Plaza Isabel la Católica and Gran Vía de Colón
Now we’ve moved on to the 19th and 20th centuries, a passionate time when Granada intellectuals shared a common goal: to Europeanise Granada. Gran vía de Colón and Plaza Isabel la Católica were the result of this effort, since the idea of building a long and wide avenue crossing a major part of the city and facilitating business life was a European inspiration. The economic boom that the Vega de Granada underwent made the most important businessmen in the city finance the construction of Gran Vía, around the square paying homage to Isabella the Catholic.

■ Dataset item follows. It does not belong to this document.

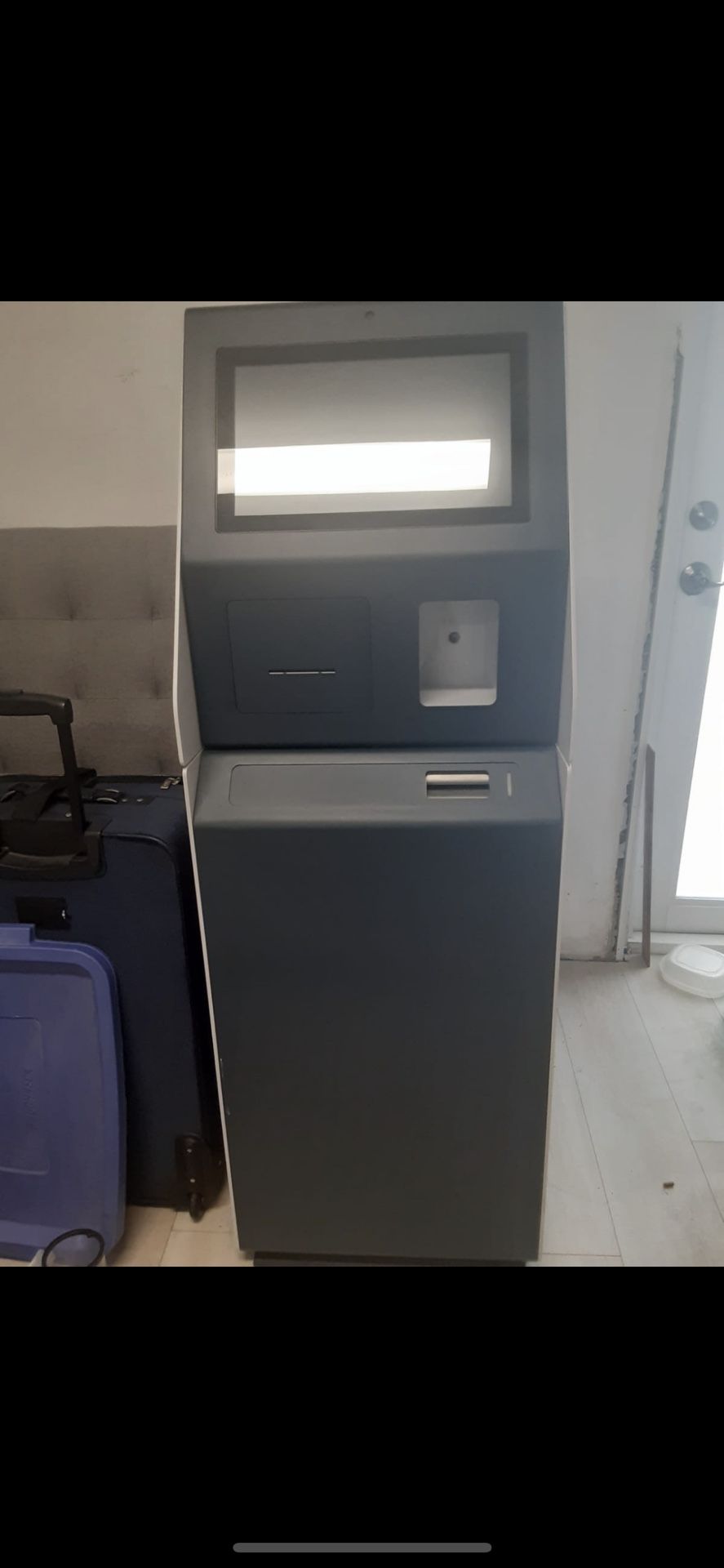 Bitcoin Atm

And now, where are we going? To what century? Well, now it’s time for the 16th, right when Granada was the cultural and political centre that businessmen and intellectuals in the 19th and 20th centuries dreamed of. That’s why, next to Plaza Nueva, you’ll see the Real Chancilleria, the Superior Court of Justice, with its jurisdiction even extending to the Canary Islands, as well as the magical Carrera del Darro and Paseo de los Tristes. These days Plaza Nueva is a centre for poets, painters and musicians that create a major part of Granada’s cultural life.
The Bañuelo: the hammam and or public bathhouse
Water and public bathhouses were essential for Andalusian life and for Granada. You’ll find fountains during your entire 1 day tour around Granada, with water coming directly from Sierra Nevada. Cool, to provide relief for those walking around. On the other hand, cleaning and spiritual peace are an indispensable part of Arabic culture. This is why in Granada we’ve got one of the oldest hammams: The Bañuelo, a practically natural spa in Granada’s old town, where there are both cold and hot water rooms.
Casa de Zafra
Here you will find typical Moorish house. It’s interesting how it was impossible to figure out what social class the houses’ residents belonged to, since all of the houses were nearly the same. Therefore, once you see this building, you’ll be able to get an idea from up close of how people lived in the Al-Andalus period.

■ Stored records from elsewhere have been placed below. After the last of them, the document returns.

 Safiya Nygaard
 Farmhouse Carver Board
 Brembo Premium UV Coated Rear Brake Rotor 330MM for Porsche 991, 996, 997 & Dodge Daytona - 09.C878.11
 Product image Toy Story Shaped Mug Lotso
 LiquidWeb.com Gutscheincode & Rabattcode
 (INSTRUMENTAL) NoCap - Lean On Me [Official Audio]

You also have an interpretation centre about the exciting historic evolution of the Albaicín.
Cármenes in the Albaicín
Cármenes are stately homes featuring the following: spectacular gardens, a courtyard with a fountain and a wall protecting the owners from intruders. The most famous of these is Cármen de los Mártires (Cármen of the Martyrs), bearing that name because the Christians who fought for the Catholic Monarchs were apprehended there.
Mirador de San Nicolás and Mirador de San Miguel
Both of these viewpoints look out on the Alhambra, but Mirador de San Nicolás is the most popular. Built beside a mosque, you’ll see stands by the Association of Artisans of Granada and you’ll hear flamenco musicians filling the air and the sunset with music that is truly authentic and filled with artistic charisma. However, at Mirador de San Miguel you’ll find less people, but the view is nearly as spectacular, which one are you going to choose? But, why choose?
It is the Gypsy quarter par excellence, also looking out on the Alhambra, the cradle of flamenco, because it comes from a mix of Gypsy, Jewish, Visigoth and Arabic culture. You’ll be able to finish off the night here in a zambra, which are age-old caves that were homes for the gypsies and which these days offer flamenco shows.
With this tour you’ll get to know about the history of Granada in a single day. Of course, to refuel, the best choice is to resort to some typical tapas. If you go for tapas in different areas, you’ll discover the mix of cultures and eras, past and present, that invigorate the streets of Granada.